◆ What is expected ◆
An unchanged copy of all the lines below is expected, and it should contain no pictures.

◆ Recorded information ◆
--
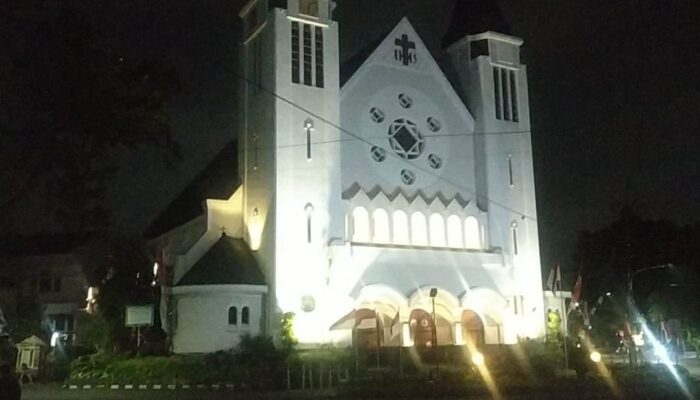 Gereja Katedral Ijen Malang: Ikon Arsitektur Kolonial di Kelurahan Penanggungan yang Tetap Menyala di Zaman Kini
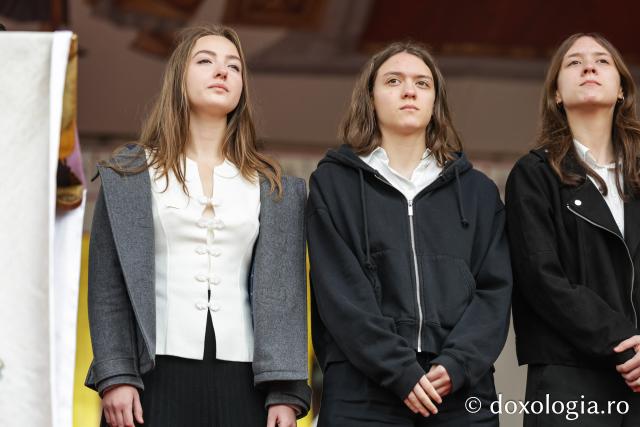 Bursieri ProVita au primit distincții de vrednicie din partea IPS Teofan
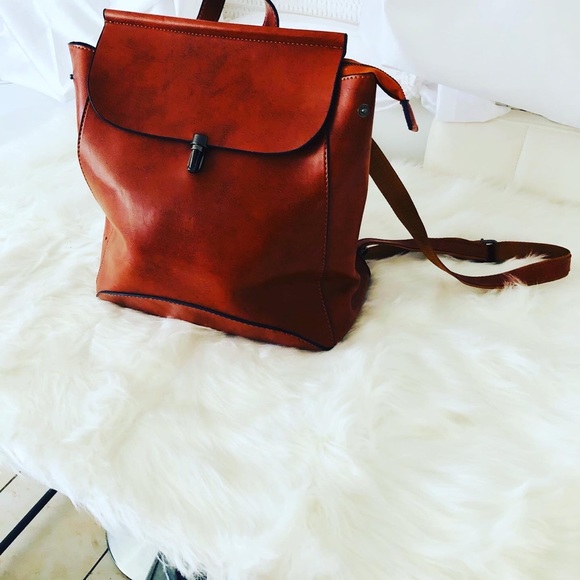 Backpack - Picture 3 of 5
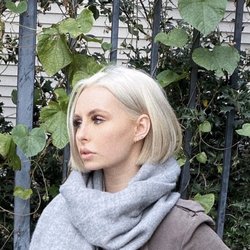 All About The Tress - Cut color and blowout (this blowout is 5 days after it was done, it lasted me that long!)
--
◆ Answer box ◆
 Gereja Katedral Ijen Malang: Ikon Arsitektur Kolonial di Kelurahan Penanggungan yang Tetap Menyala di Zaman Kini
 Bursieri ProVita au primit distincții de vrednicie din partea IPS Teofan
 Backpack - Picture 3 of 5
 All About The Tress - Cut color and blowout (this blowout is 5 days after it was done, it lasted me that long!)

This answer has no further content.